Nie da się ukryć, że propozycja rządu zniesienia Ustawy o zbiórkach publicznych zaskoczyła sektor pozarządowy. Mimo że we wcześniejszych dyskusjach pojawiały się takie oczekiwania, brane były zazwyczaj za zbyt daleko idący radykalizm. Oczywiście nic nie jest przesądzone, być może ostatecznie skończy się na propozycjach, które Ministerstwo Administracji i Cyfryzacji przedstawiało organizacjom w zeszłym roku. Ale nawet ich przyjęcie będzie stanowczym, dawno oczekiwanym krokiem naprzód.
Koniec państwa jako policjanta
Zniesienie ustawy o zbiórkach publicznych z jednej strony daje tysiącom organizacji ogromne szanse poszukiwania zupełnie nowej relacji między nimi a potencjalnymi darczyńcami. Brak jakichkolwiek regulacji w zakresie zbiórek publicznych pozwoli na stworzenie nowych mechanizmów informowania, sprawozdawania i kontroli działalności organizacji. Ciężar tej kontroli w o wiele większym stopniu spadnie na tych, którzy pieniądze dają, a nie na państwo jako swoistego policjanta w dotychczasowej relacji darczyńca – obdarowany.

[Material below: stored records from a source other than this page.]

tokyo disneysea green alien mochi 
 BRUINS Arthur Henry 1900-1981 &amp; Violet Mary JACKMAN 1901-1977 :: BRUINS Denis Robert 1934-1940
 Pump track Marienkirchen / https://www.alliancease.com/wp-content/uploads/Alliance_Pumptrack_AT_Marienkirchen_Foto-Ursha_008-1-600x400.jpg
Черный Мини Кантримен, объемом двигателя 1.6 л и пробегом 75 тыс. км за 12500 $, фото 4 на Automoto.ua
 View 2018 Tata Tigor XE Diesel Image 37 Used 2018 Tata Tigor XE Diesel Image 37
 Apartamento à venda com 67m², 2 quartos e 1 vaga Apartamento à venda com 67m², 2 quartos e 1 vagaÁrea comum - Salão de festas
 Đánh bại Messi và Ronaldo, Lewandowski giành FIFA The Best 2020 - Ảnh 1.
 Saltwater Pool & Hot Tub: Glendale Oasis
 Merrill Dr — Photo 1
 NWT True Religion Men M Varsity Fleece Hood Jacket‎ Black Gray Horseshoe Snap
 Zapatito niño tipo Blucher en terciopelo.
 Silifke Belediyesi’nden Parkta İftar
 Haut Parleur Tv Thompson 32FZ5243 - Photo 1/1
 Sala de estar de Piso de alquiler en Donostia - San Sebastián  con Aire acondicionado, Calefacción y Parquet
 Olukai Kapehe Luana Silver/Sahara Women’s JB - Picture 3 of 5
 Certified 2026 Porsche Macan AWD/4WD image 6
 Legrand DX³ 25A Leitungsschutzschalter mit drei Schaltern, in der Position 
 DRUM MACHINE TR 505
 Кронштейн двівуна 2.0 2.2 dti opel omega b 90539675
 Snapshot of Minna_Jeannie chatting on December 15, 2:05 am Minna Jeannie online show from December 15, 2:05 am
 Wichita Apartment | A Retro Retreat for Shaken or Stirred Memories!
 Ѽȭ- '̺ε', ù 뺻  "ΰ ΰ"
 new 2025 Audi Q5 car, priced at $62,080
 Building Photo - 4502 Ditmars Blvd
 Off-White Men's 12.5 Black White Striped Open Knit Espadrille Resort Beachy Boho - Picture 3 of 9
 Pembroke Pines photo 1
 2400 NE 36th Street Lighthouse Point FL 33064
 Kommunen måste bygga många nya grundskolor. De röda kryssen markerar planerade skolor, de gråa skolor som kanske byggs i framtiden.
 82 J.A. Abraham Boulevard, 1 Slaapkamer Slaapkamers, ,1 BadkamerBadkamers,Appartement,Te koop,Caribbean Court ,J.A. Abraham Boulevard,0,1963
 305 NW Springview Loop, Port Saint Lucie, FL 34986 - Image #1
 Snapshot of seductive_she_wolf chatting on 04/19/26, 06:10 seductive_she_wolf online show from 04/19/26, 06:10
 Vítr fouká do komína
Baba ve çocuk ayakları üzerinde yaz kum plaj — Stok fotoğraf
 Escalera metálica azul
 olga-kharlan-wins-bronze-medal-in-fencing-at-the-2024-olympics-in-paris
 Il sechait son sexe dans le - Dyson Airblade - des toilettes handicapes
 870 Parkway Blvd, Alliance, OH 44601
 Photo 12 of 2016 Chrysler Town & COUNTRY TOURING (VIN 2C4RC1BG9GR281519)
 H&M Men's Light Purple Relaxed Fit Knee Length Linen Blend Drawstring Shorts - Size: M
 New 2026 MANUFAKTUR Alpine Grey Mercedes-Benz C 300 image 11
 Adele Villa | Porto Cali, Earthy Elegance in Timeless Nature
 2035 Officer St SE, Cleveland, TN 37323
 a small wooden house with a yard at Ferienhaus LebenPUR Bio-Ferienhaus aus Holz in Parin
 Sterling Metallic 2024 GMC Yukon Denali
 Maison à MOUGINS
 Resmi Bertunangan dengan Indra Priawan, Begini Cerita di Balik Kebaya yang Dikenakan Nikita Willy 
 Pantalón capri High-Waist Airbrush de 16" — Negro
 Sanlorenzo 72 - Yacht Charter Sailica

Impuls do wypracowywania własnych zasad
Dla organizacji może być to również swoisty rodzaj testu – na ile gotowe są do podjęcia próby samoregulacji tej sfery działalności. Chociaż jest to trudne, ale możliwe, by opracować i wypromować standardy prowadzenia rzetelnych kampanii fundrisingowych, których elementem są zbiórki publiczne. Zdaję sobie sprawę z faktu istnienia takich kodeksów, standardów wypracowywanych w różnych grupach, ale zniesienie ustawy mogłoby być dodatkowym impulsem do promocji wypracowanych zasad, wzmocnienia zasad samokontroli sektora pozarządowego. Już wcześniej pojawiały się (przy okazji 1%) propozycje, by wypracować wspólny znak jakości, nadawany przez samo środowisko za spełnienie wspólnie określonych zasad. Wynikających nie z prawa, ale z poczucia odpowiedzialności przed darczyńcami.
Zapewne pojawią się nadużycia związane ze zbiórkami publicznymi. Tak jak w każdej innej sferze życia i działalności organizacji pozarządowych. Dlatego to same organizacje powinny potrafić wskazywać takie „czarne owce”, które – jestem pewny – będą wyjątkami, a nie regułą prowadzenia zbiórek. Nie myśl o potencjalnych nadużyciach, ale o potencjalnych nowych możliwościach powinny przyświecać nam w myśleniu o nowej rzeczywistości, jaka nastanie po zniesieniu obecnych, restrykcyjnych przepisów.